Morningside is an old neighborhood, dating back to the 1920s if not before, but Wessyngton Road is much newer - connecting North Highland and Cumberland Road, it is straight and much wider than other Morningside streets that are not major thoroughfares. The official descriptions of the property on this street calls this the F.P. Smith Estate subdivision. I don't know who F.P. Smith was, but I am assuming that sometime after World War II the property was sold for development and you can't develop it without a street - so Wessyngton Road was built, and the houses started to appear. The lots are only 50 feet wide and the older houses on the street are (by current standards) small ranch houses nearly devoid of the architectural charm of the older Morningside neighborhoods. (We also have no sidewalks on our street, except along the apartments, at the corner of Wessyngton and Highland, and in front of two of the newly built houses across from the church. I assume that this is because the street was built in the Era of the Automobile.)

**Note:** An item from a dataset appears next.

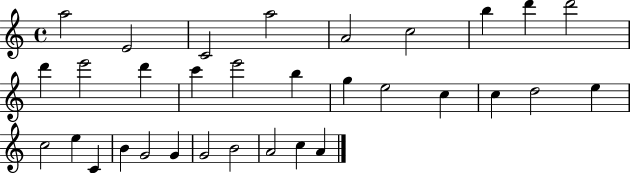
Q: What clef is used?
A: treble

Our house was built in 1950. When I bought it in the late 1980s, it had a funny cupola sort of thing on the roof that accommodated an attic fan. The fan was nice, but (along with many of the other houses on street) it didn't look anything like the classic Morningside houses. That's the reason I could afford it at the time - I couldn't believe I could find a house in this neighborhood that I could afford, and of course it was because this wasn't one of those Morningside streets with the big old houses.

We put a second floor on our house in 1998 which not only meant we did not have to give away a couple of our three children, but also that the house looked more like it belonged in the neighborhood than it had previously. (Kudos to Ben Dooley, the architect, who did the magic in design, and Fernando Reyes, who at that time lived across the street, who was our builder.)

Iain and I were walking the dog the other evening and I picked up a flyer for a house on the street that is for sale. The flyer is advertising an "adorable home on one of Morningside's best streets." I was stunned by this. Not the "adorable home" part - it may well be extremely adorable - but the "one of Morningside's best streets" part. Presumably this was written by a real estate agent who actually knows something about Atlanta real estate, and I don't know who in their right mind would characterize Wessyngton Road as "one of Morningside's best streets" from the real estate point of view (unless of course they are thinking "buy a relatively affordable 1950s ranch house and knock it down and build a Large House that is Architecturally Different from Adjacent Houses," but that is too depressing to contemplate.)

There are plenty of wonderful things about our location - proximity to both Highland Walk and Virginia-Highlands commercial areas, so we can walk to both Alon's and San Francisco Coffee, and we are in the district of Morningside Elementary School, a public school with high test scores, even though it is chronically infested with head lice - but plenty of other streets in Morningside can say the same thing, and might not be wide enough that the cars cutting through assume the speed limit must be 50 mph. (Our neighbor Tim tried to get a speed bump but no luck. Tom and Dan had proposed pot holes to slow the cars down. Really big ones. You get the picture.) Little ranch houses, no sidewalks, and a real estate agent says this is "one of Morningside's best streets"?

But of course, the real estate agent is right - it's just that what makes Wessyngton one of Morningside's best streets is not captured in any statistic that anyone can look up in a table somewhere. There is a tradition here - I am not sure what to call it, but for lack of a better term I will call in neighborliness - that one doesn't expect to find in a city. Years ago, people who don't live here any more hosted parties and invited me, and I got to know people I otherwise might not have met. The social committee baton has been passed, and now there are several of us who pick the dates and send the emails, but we didn't start it - it was here already. Morningside Presbyterian Church has been a wonderful neighbor and has let us hold block parties in their parking lot, but there are also baby showers and going away parties. If you met someone at a block party, you might stop and talk when you're out walking the dog, and then, if you see someone you don't know carrying a flatscreen TV out of their house, you might call 911. There's the informal network of flat tire repair, pest control, and plumbing help. The race car bed went from one side of the street to the other and back, from Max to Iain to Benjamin.

So that's the story. Even with the speeding cars barrelling down the hill toward Cumberland Road and no sidewalks, it is a great street.

But it's not the houses, it's the people in them.